You could take that idea one step further by generalizing with a webbased ui for the configuration (eg an MSI for docker).

For the logs would it be possible to extend the concept to use a fourth container mounted drive to hold all the logs of all the containers so that one might use something like logstash-forwarder to go through the logs https://denibertovic.com/post/docker-and-logstash-smarter-log-management-for-your-containers/ ?

For the starting up/monitoring between shipyard, project atomic and perhaps Flynn there are more and more options out there.

On Tuesday, May 6, 2014, ubergarm notifications@github.com wrote:

Thanks for the update. Multi-host will be exciting!

One idea would be to use a single image with all three binaries in it.
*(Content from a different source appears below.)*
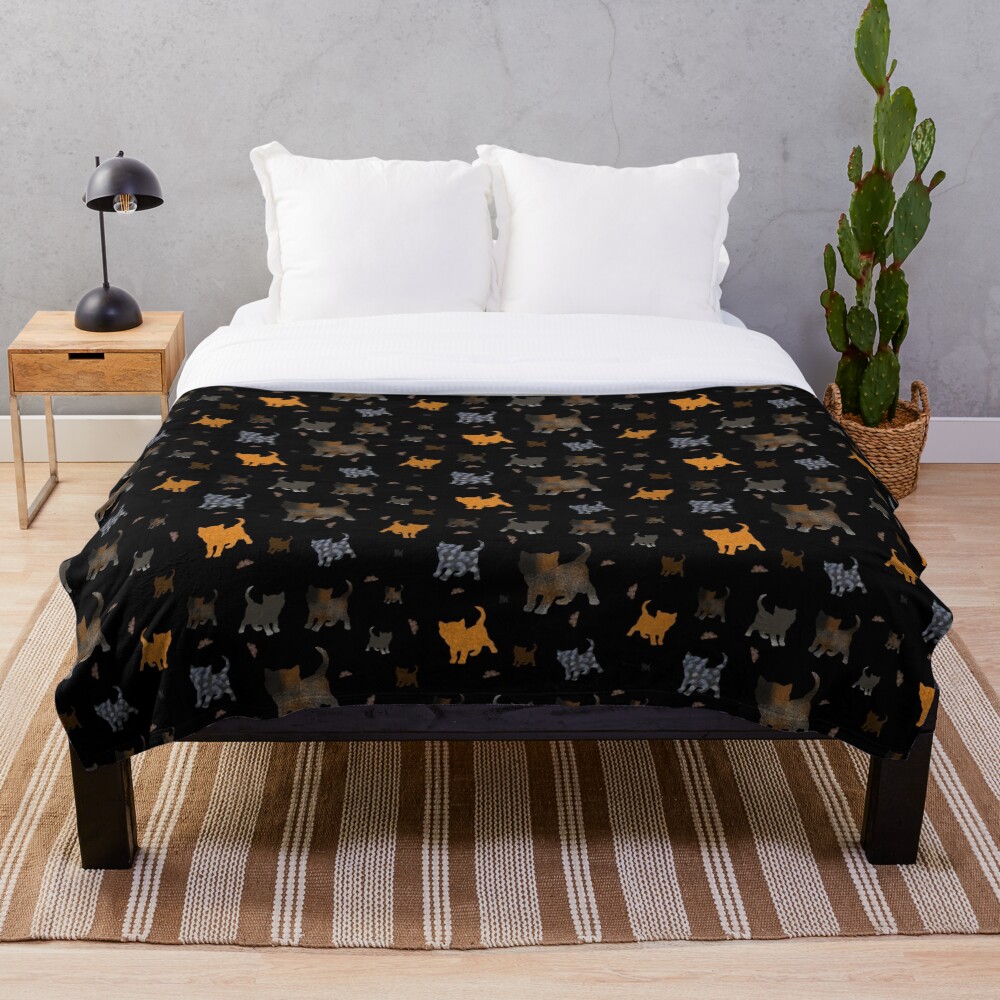 Cats on black Throw Blanket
Then you would instantiate three containers using different names and command line arguments for each entry point.

Pros for this would be: 1) Logs kept separate and not interwoven 2) No need for an inside container process manager watching and restarting on failures. 3) The three binaries' versions could be tested together before vendored out in one package. 4) Possible to use an existing general purpose etcd server possibly already running on the host.
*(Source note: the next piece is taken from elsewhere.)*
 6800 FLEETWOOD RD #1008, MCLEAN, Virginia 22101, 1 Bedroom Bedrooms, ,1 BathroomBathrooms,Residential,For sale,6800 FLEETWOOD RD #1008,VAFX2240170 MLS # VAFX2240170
Cons: 1) You still have to start up and monitor 3 separate containers 2) Potential difficulty linking up the first three containers before discovery services exist.

Just some thoughts.

— Reply to this email directly or view it on GitHubhttps://github.com/crosbymichael/skydock/issues/57#issuecomment-42333387 .
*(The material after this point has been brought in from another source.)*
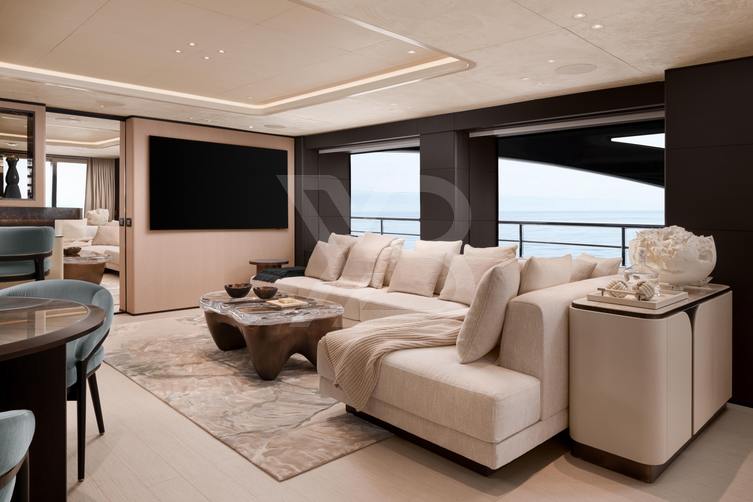 Asani yacht interior 19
pdwinkel commented 10 years ago

I would prefer separate images, so you can use the images of skydns(2) and skydock in combination with CoreOS.

bketelsen commented 10 years ago

+1 for separate images.

ubergarm commented 10 years ago

Regardless of the images consideration, the solution to this original issue was taken care of in the skydock no-expire branch. I built a single image to vendor a solution which takes the form of two running containers (using whatever method you want to start them) here:

https://index.docker.io/u/ubergarm/skyservices/

Hopefully this is agnostic enough to be useful in general, but it works for me and my runit based production system.

I look forward to seeing the new skydns2 and skydock stuff when it is ready! Thanks!